DİLARA LOKMANHEKİM (AVRUPA VE TÜRKİYE ŞAMPİYONU)



BU SPORDA KABA KUVVETE YER YOK

- Ülkemizi gururla temsil ettiğiniz judo hikayen nasıl başladı?
- Çok hareketli bir çocukluk geçirdiğim için ailem beni küçük yaşlardan beri tenis, voleybol, basketbol sporlarına yönlendirdi, fakat ben her zaman çok çabuk sıkılıp farklı bir spor deneyimlemek istiyordum ve judo ile tanıştım. Bu spor çok kısa bir süre sonra en büyük tutkum haline geldi ve küçük yaşta olmama rağmen judoyu ve felsefesini hayat tarzı olarak benimsedim. Yeteneğimi keşfettikçe en büyük hayalim ülkemi judo branşında sporun zirvesi olan olimpiyatlarda temsil etmek oldu. 2007 yılından bu yana her yaş kategorisinde il, bölge ve Türkiye şampiyonu oldum. 2012 yılında iki ay ara ile iki farklı yaş kategorisinde Avrupa Şampiyonu oldum ve aynı yıl Avrupa'nın en iyi genç judocusu ödülünü aldım. 2015 yılında ise dünyanın en iyi ilk 16'sının davet edildiği World Master Yarışması'nda Türkiye'nin ilk madalyasını kazandım. Avrupa, dünya, Grand Prix ve Grand Slam turnuvalarında çok sayıda madalya ve dereceler elde ederek 2016 Rio Olimpiyatları'na katılmaya hak kazandım. Rio Olimpiyatları'ndan sonra yaşadığım talihsiz sakatlıklar nedeniyle yarışmalardan uzak kaldım ve uzak kaldığım bu süre içinde gerekli eğitimleri alarak yıllarca birçok başarı sığdırdığım sporculuk kariyerimi sonlandırıp edindiğim tecrübeleri judo felsefesine uygun bir şekilde gelecek nesillere aktarabilmek için eğitmenlik yapmaya karar verdim. Öğretmen olarak başladığım yeni kariyer hayatımı şimdi Checkmat İstanbul minderinde gelecek nesillere aktarıyorum.

- Judonun kökeni nedir?
- Judo Japonya kaynaklı Jim Jitsu'dan geliştirilmiş ve temel ilkeleri 1882 Jigoro Kano tarafından atılmıştır. Japon modern dövüş sanatlarının ilk örneği olmuştur. İlk olarak 1964 Tokyo Olimpiyatları'nda yer almıştır ve günümüzde halen olimpik spor branşıdır. Judo kelime anlamıyla nezaket, kibarlık, dürüstlük, doğru yol, prensipli olma ve doğru düşünce anlamlarını taşır.
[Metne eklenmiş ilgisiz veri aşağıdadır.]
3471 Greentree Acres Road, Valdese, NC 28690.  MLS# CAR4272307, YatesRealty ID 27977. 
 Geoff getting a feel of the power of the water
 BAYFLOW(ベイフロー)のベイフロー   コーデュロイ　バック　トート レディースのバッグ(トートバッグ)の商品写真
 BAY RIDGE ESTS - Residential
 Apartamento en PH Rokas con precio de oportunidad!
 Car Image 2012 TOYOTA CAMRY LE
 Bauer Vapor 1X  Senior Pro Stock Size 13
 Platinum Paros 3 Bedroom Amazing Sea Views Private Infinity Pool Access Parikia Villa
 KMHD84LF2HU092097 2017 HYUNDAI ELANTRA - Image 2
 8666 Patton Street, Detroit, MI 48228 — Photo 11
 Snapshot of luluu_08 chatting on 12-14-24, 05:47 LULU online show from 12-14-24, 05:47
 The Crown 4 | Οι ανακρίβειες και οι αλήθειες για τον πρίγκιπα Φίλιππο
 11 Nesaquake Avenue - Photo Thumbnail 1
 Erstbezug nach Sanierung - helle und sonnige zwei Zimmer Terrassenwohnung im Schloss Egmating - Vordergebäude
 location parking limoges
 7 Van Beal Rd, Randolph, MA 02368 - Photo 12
- Daha çok kimler yapıyor bu sporu?
- Judo sporuyla 7 den 70'e herkes ilgilenebilir. Sanat sadece deneyimlenerek öğrenilen bir şey olduğu için ilgi duyan herkesin deneyimlemesini ve öğrenmesini tavsiye ediyoruz. Her ayrıntıyı en iyi şekilde öğrenebilmek için sıkılmadan ve sabırla ilerlememiz gerekiyor. Binlerce kez tekrarlanan teknikler refleks haline gelmedikçe kolay uygulanamaz ve judoda kaba kuvvete yer yoktur.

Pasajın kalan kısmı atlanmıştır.